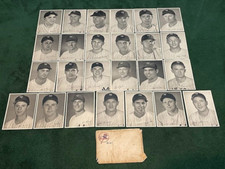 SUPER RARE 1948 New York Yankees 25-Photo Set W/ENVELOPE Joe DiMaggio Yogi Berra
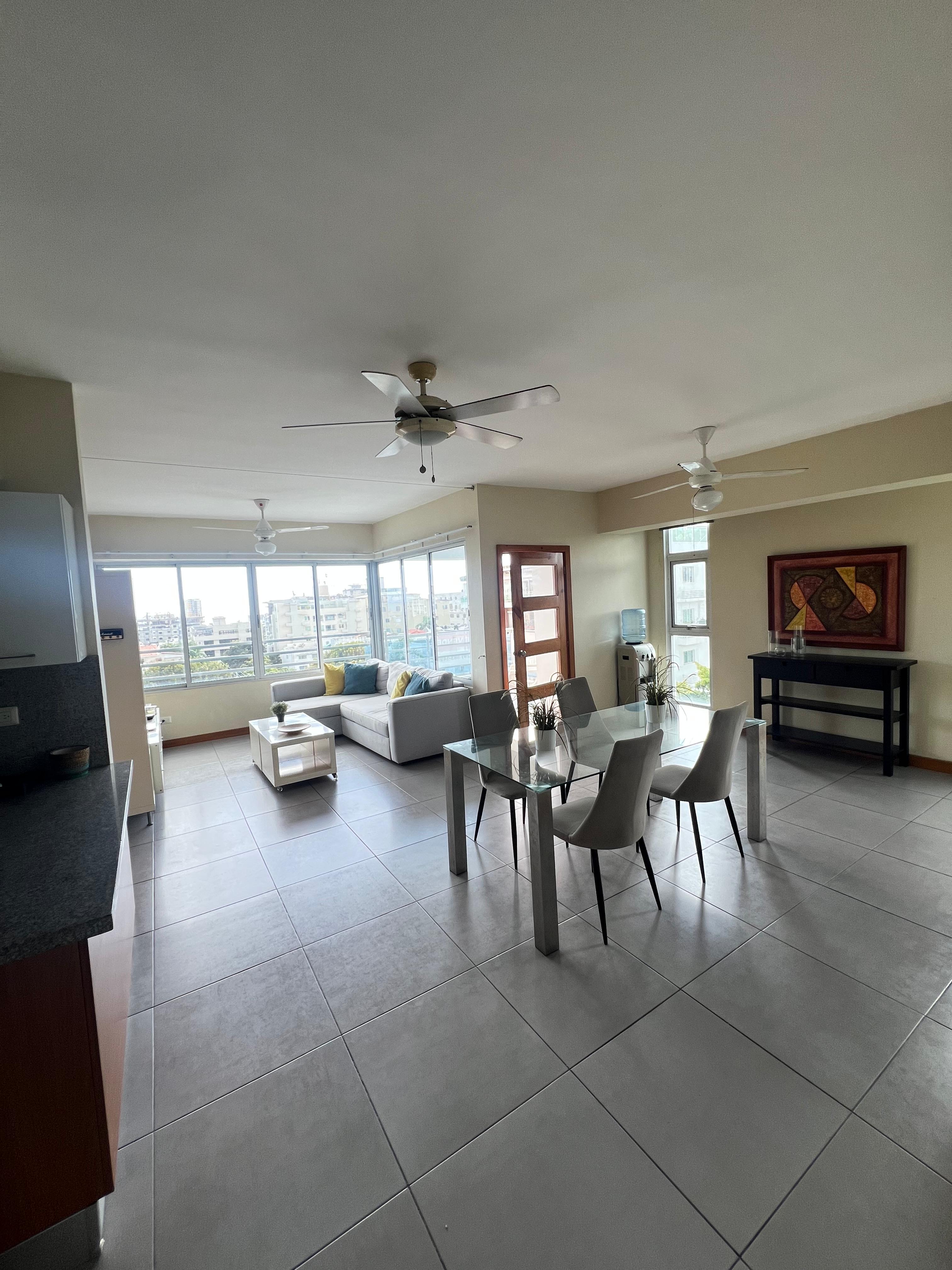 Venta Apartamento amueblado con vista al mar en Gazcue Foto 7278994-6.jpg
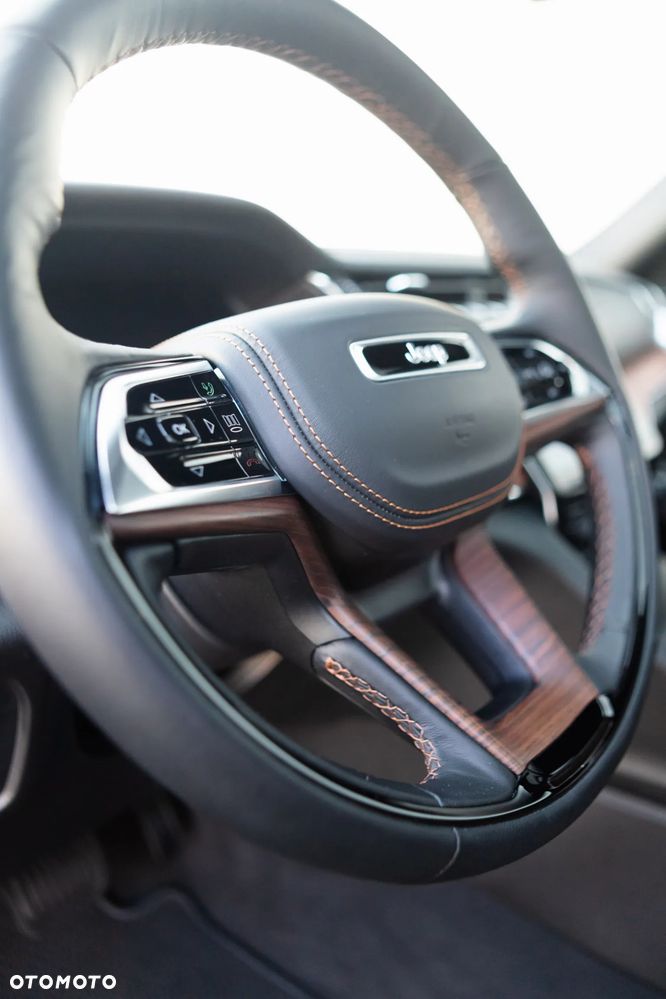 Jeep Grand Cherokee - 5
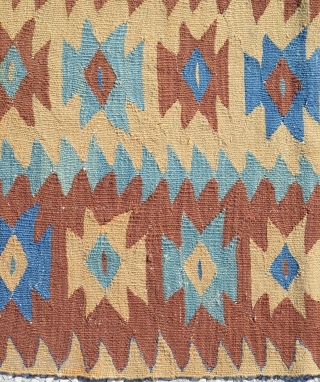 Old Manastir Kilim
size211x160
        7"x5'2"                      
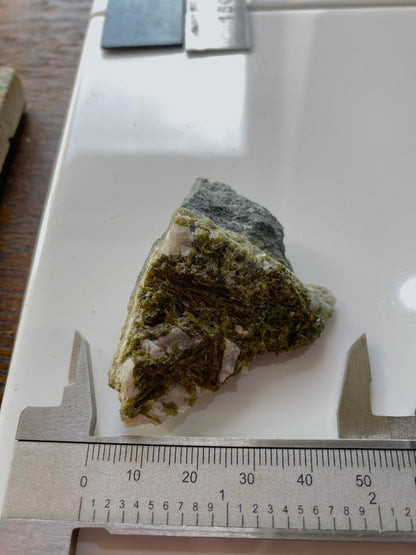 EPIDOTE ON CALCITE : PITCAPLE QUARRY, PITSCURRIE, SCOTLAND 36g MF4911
====
Instructions to follow: Write out, word for word, the lines running from the one containing "Old Manastir Kilim" to the end of the data above; the pictures are to be left out.

Task response:
 Old Manastir Kilim
size211x160
        7"x5'2"                      
 EPIDOTE ON CALCITE : PITCAPLE QUARRY, PITSCURRIE, SCOTLAND 36g MF4911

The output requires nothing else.